One of the very first New Zealand novels, Over the Hills and Far Away is a heavily romanticised tale of a woman's journey from England to Otago, New Zealand, and her subsequent experiences in the wild new colony. - Summary by Lewis Fletcher
Charlotte Lees Evans is among the earliest of New Zealand’s romantic novelists and a writer of popular romantic melodrama belonging to the ‘Pioneer Period’ of 1861–1889 in what is termed the ‘sensation’ genre.
Evans’ full collection of published works included three novels, of which the first, a story entitled Guy Eversley was serialised in the North Otago Times and Waitaki Reporter in 1865-66. This publication was then followed in 1874 by the two novels: Over the Hills and Far Away: A Story of New Zealand and A Strange Friendship: A Story of New Zealand. Evans also produced three short stories: A Narrow Escape, Only a Woman’s Hair and Our Nearest Neighbour that were published posthumously in 1900 and 1903 by a London publication called The Family Herald. A selection of her poetry, also collected posthumously, were to be eventually published by her husband Eyre Evans in 1917. It is largely unknown, however, as to what extent Evans’ novels were read, either in New Zealand or overseas.
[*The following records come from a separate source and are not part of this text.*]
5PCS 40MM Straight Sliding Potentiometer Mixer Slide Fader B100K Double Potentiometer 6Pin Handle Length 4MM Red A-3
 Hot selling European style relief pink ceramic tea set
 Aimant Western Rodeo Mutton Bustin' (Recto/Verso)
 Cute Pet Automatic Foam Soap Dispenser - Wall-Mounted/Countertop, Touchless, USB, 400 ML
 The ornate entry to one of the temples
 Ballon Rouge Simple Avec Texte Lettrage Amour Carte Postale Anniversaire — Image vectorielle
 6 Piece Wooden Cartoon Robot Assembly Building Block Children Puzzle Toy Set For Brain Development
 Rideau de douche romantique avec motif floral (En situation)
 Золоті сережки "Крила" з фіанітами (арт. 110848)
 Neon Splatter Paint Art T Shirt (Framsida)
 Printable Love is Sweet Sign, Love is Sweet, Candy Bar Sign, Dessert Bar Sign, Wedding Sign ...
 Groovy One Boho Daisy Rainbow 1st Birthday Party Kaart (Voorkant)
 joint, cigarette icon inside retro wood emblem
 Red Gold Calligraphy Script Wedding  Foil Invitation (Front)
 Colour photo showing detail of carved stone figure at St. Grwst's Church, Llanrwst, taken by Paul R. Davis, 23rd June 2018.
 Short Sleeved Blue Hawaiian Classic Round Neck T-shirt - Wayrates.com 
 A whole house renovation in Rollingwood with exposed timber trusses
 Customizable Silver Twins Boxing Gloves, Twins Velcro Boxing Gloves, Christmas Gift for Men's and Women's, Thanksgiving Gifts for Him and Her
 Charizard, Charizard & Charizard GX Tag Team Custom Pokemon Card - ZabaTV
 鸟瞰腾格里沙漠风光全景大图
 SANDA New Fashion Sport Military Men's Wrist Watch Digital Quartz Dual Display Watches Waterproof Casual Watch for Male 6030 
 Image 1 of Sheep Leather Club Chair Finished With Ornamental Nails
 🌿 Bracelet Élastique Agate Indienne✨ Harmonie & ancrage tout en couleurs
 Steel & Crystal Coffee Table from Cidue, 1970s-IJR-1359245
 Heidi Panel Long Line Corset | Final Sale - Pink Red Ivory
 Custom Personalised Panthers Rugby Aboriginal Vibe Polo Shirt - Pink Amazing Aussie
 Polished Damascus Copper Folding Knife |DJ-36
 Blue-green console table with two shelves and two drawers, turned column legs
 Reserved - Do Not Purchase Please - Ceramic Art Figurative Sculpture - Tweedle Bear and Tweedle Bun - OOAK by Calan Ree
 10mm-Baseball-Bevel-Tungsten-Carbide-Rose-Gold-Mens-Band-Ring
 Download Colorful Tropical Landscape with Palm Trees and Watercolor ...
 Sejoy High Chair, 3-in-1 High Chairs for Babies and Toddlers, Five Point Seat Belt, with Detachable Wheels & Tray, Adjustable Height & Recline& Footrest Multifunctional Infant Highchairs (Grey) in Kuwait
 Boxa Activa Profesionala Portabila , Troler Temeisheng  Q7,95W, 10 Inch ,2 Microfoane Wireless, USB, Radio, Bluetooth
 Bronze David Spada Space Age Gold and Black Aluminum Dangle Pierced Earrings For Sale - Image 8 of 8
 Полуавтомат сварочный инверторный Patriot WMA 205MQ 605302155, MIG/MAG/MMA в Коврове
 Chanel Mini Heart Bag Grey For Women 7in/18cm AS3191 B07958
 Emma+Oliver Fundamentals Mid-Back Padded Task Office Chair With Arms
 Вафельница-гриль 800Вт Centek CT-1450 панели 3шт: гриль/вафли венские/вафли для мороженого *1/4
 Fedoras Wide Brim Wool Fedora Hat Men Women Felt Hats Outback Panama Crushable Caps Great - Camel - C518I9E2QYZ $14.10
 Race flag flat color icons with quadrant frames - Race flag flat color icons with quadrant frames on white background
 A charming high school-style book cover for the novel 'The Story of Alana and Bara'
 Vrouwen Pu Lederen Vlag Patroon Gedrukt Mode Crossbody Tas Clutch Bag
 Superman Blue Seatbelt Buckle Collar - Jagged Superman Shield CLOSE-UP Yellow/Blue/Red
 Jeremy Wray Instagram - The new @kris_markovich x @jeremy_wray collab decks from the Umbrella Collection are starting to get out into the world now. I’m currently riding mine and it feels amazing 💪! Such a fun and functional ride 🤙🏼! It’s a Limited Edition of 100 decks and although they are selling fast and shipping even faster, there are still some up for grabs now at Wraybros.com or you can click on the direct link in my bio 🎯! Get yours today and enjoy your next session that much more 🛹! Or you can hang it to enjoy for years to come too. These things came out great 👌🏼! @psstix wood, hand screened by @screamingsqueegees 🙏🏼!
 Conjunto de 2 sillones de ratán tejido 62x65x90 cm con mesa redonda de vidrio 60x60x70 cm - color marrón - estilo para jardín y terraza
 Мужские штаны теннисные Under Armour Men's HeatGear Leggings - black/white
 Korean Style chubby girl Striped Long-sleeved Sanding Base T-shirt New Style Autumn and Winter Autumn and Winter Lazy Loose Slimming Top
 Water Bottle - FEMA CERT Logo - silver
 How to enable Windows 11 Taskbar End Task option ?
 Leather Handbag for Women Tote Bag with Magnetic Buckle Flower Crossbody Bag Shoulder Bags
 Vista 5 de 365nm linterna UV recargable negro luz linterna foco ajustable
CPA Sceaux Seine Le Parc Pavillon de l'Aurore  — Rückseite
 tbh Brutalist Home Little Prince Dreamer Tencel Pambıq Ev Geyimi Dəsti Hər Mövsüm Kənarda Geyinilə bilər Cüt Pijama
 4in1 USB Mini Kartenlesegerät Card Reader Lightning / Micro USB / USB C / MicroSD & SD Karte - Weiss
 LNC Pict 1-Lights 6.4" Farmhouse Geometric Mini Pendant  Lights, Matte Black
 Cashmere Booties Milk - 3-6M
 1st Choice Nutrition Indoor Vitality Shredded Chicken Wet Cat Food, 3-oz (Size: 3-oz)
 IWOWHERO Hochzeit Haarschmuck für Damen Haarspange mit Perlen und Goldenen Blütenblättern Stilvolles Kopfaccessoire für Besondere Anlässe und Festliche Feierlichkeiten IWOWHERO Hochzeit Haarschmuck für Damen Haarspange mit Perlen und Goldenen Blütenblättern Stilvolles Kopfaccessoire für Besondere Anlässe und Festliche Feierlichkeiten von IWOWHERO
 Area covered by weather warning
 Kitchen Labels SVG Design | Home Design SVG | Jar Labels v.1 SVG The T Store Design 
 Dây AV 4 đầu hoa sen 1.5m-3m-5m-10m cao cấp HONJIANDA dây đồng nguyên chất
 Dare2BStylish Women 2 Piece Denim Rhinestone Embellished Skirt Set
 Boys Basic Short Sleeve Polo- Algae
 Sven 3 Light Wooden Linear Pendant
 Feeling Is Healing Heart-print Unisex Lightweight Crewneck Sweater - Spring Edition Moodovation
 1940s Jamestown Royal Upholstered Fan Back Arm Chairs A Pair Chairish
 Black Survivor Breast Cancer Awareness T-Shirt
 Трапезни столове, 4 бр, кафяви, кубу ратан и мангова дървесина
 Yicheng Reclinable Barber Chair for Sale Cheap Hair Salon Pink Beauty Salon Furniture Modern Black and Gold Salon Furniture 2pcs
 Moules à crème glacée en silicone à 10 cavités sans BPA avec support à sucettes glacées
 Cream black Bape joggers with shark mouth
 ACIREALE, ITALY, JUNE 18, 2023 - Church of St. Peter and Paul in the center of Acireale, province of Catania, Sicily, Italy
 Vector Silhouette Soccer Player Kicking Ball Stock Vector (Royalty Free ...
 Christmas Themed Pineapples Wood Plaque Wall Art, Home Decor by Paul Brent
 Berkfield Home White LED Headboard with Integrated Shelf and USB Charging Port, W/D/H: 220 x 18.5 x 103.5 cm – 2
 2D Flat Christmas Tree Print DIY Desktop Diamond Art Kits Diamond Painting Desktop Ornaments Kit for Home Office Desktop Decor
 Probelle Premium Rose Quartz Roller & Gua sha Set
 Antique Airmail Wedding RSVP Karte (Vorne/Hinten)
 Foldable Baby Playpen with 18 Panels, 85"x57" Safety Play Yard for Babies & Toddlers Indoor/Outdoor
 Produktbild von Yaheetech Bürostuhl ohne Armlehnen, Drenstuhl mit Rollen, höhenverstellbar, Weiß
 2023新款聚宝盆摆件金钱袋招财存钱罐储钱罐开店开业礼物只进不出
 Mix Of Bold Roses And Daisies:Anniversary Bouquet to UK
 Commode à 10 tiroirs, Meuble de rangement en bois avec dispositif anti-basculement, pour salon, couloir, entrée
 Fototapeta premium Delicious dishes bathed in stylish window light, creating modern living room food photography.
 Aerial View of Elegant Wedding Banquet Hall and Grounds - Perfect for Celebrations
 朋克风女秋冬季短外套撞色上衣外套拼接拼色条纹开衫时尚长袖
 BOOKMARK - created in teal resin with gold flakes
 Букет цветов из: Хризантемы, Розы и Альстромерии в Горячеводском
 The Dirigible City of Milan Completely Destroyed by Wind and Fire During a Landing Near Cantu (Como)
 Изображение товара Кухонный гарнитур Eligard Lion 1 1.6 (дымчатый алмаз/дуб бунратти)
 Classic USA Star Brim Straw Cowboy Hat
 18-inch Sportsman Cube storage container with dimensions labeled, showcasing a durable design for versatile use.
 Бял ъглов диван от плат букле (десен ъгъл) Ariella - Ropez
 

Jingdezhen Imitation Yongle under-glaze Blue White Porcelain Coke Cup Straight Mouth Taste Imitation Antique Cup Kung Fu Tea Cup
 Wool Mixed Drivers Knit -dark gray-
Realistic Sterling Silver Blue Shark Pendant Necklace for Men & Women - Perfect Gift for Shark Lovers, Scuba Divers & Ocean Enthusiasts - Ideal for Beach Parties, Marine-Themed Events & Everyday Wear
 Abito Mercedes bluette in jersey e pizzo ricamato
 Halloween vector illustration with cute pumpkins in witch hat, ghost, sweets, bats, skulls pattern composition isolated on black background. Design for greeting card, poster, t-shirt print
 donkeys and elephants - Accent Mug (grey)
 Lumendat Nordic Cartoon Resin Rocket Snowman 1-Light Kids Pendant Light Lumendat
First published in 1874, this story gives a window into travel by boat to New Zealand from England, and to life style in New Zealand at the time, within the landowning class of people of the British Empire. I found it interesting for that reason. The story was pretty good - the religious theme at the very end is disappointing for our time, but probably fairly standard for the time the book was written.
Charlotte Evans emigrated from Great Britain to the nascent colony of New Zealand in the 1860s. Though largely unknown today - and indeed not widely read even in her own time - she was one of New Zealand's earliest novelists. Over the Hills and Far Away, one of only three novels she wrote, is a surprisingly underrated romantic tale of a proper English girl experiencing love and loss against the wild backdrop of an unsettled land. The boundless mountains and valleys, the sense of expansive freedom, and the beauty of sea and sunsets all nicely counterbalance what is otherwise a fairly conventional English novel of manners. At the center is the quiet but mounting suspense surrounding a handsome but troubled doctor and his mysterious estranged wife. The resolution involved a twist I did not see coming.
The characters are all wealthy landowners and professionals with their genteel Old World lifestyles largely intact, so obviously the imperialism, racism, and other issues of British Empire are left untouched. The native Maori are never even so much as alluded to - one gets the impression of a largely empty island aside from a few plantations. (By contrast, most nineteenth-century American frontier works definitely included Native Americans, for better or worse.) While this such glaring omissions may be jarring to modern readers, think of Over the Hills and Far Away as an artifact of the period and perspective in which it was written.